In a column for the Sunday Mirror, Corbyn, who has been under pressure to quit since nearly his entire shadow cabinet resigned last week, said he was willing to "reach out" to MPs who didn't accept his election as leader.
But he said they need to "respect democracy" in relation to the EU referendum and his election as party leader.
We must respect the democratic decision of the British people – and negotiate a new relationship with the EU. The need to respect democracy also goes for the Labour Party. I was elected nine months ago, by 60 per cent of Labour members and supporters, for a new kind of politics in a country that clearly wants real change.
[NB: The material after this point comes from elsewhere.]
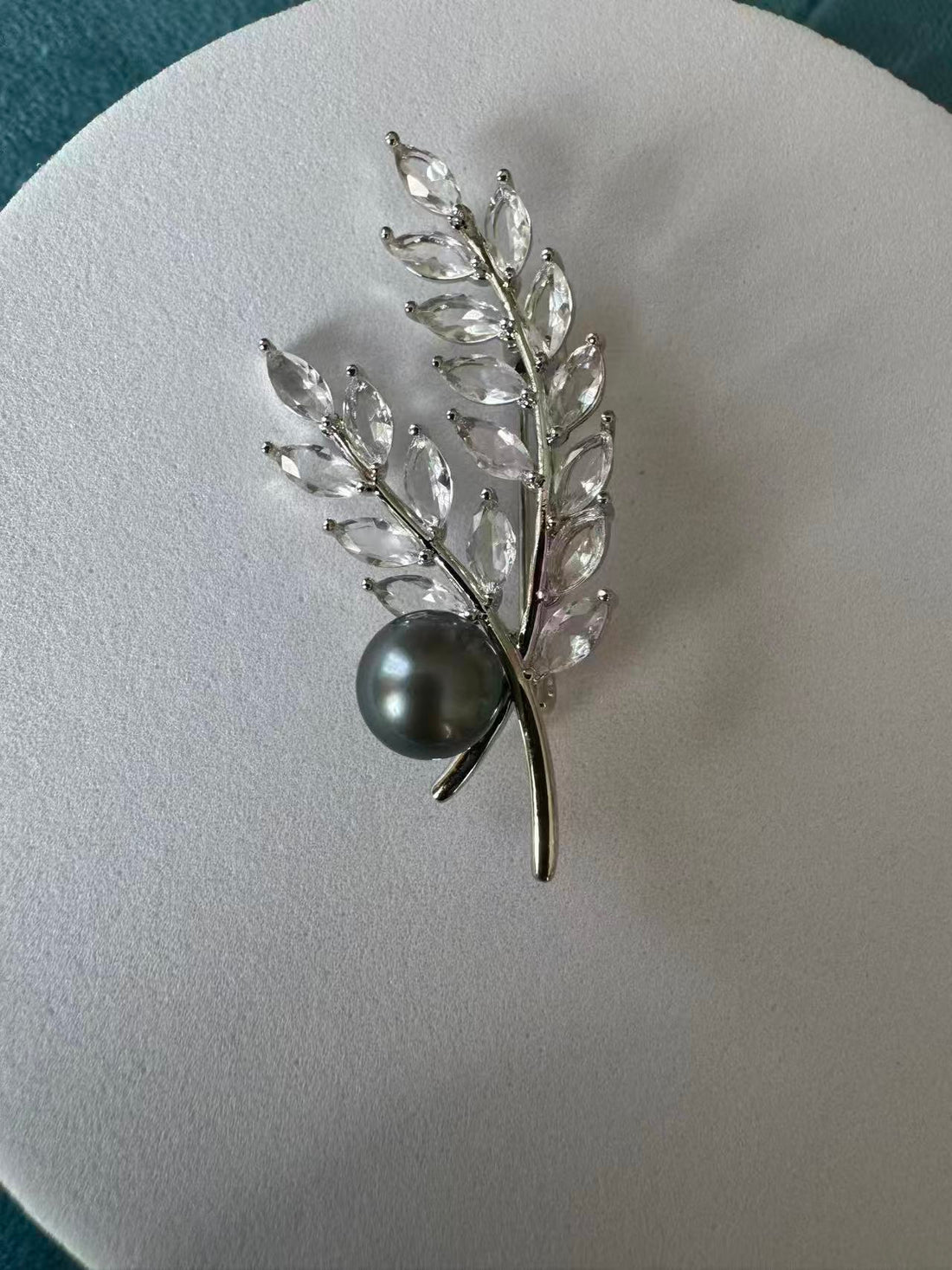 Tahitian Pearl Wheat-Ear Brooch | 6–7mm · Round · Peacock Green Overtone · High Luster · 4.9×2.0cm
I am ready to reach out to Labour MPs who didn’t accept my election and oppose my leadership – and work with the whole party to provide the alternative the country needs.
But Mr Corbyn also stressed that they also need "to respect the democracy of our party and the views of Labour’s membership, which has increased by more than 60,000 in the past week alone".
"Those who want to challenge my leadership are free to do so in a democratic contest, in which I will be a candidate."
"But the responsibility of our whole party is to stand up in united opposition to the Tory Government," he added.
Meanwhile, Angela Eagle, who is expected to launch a leadership challenge against Mr Corbyn, has renewed her call for him to do the "right thing for the party and the country".